A Balasubramanian, MD and CEO of Aditya Birla Sun Life Mutual Fund
- “Mutual Funds are the best destination of investments as the economy is expected to bounce back and interest rates are likely to stay lower for a considerable period of time.”
- “Investments through mutual fund model over the long-term horizon can be helpful because it undergoes through different investment cycles.
- “The diversified portfolio of mutual funds takes away the worry of extreme concentration and offers a mix for long-term investing.”
The benchmark indices continue to shrug off COVID cuts staying above 15,500 levels at Nifty50 and Sensex above 51,800 level mark. After the markets tumbled in April during the peak of the second covid wave, investors are now regaining confidence as the virus subsides.
At a time when the market is moving towards an upside, what should you invest in to build wealth to beat market volatility? A Balasubramanian, Managing Director and Chief Executive Officer of Aditya Birla Sun Life Mutual Fund suggested the best way to build long-term wealth is by investing in Mutual Funds.
He says, “Mutual Funds are the best destination of investments as the economy is expected to bounce back and interest rates are likely to stay lower for a considerable period of time.”
The next bi-monthly monetary policy is expected to announce in two days. The Reserve Bank of India (RBI) had reserved to keep interest rates unchanged in April. The key lending rate, the repo rate was kept at 4 per cent and the reverse repo rate at 3.35 per cent. At a time when markets are vulnerable to swift changes, diversified portfolio of mutual funds provides safe haven of investment opportunity.

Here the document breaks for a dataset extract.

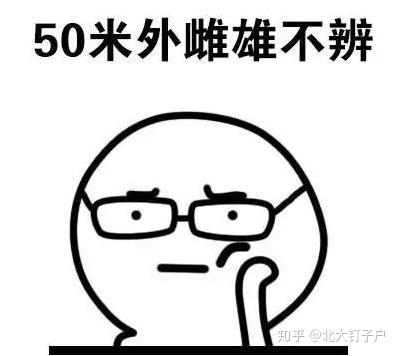 v2-b99f5029f79041a6c24bc70296eb84f7_b.jpg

Balasubramanian says, “The diversified portfolio of mutual funds takes away the worry of extreme concentration and offers a mix for long-term investing.”
According to AMFI reports, Equity mutual funds saw net inflows of Rs 9,115 crore in March 2021. The net inflows in equity schemes witnessed an increase after eight consecutive months.
Balasubramanian says, “A mix of funds focused on multi-cap categories or small and mid-cap categories can be the best way to invest through mutual funds as long as the investor is ready to stay invested for a 5-10-year time horizon.”
Multi cap funds bet on a mix of blue-chip stocks, mid and small-cap stocks and can provide a consistent return over a long-term period if we invest in a diversified manner.
The new norms implemented in 2021 by the Securities and Exchange Board of India (SEBI) revised multi-cap mutual fund scheme to invest 75% minimum in equities from 65%. To avoid fresh allocation troubles raised by the industry, SEBI also introduced flexi cap funds that allows 65% of equity allocation. Multi-cap and small-cap mutual fund schemes can be multi-baggers for investors due to 25% allocation across the range of large-cap, mid-cap, and small caps.
Though small-cap mutual funds risk stakes are high, they can yield high rewards in a long-term time span as well. The small-cap funds universe encompasses companies from 251st as per market capitalization. Over the last one year, the average return of small-cap funds has exceeded 100%. However, one must be cautious about the amount of investment in these portfolios because of easy dip when the market swings down.
Investments through mutual fund models offer investors a detailed and focused list of stocks from a huge variety depending on few factors like corporate governance, growth of the company, shareholding value, balance sheets etc. Patience bears a golden fruit and investing to get rich is a patience game-plan. Balasubramanian suggests, “Investments through mutual fund model over the long-term horizon can be helpful because it undergoes through different investment cycles.”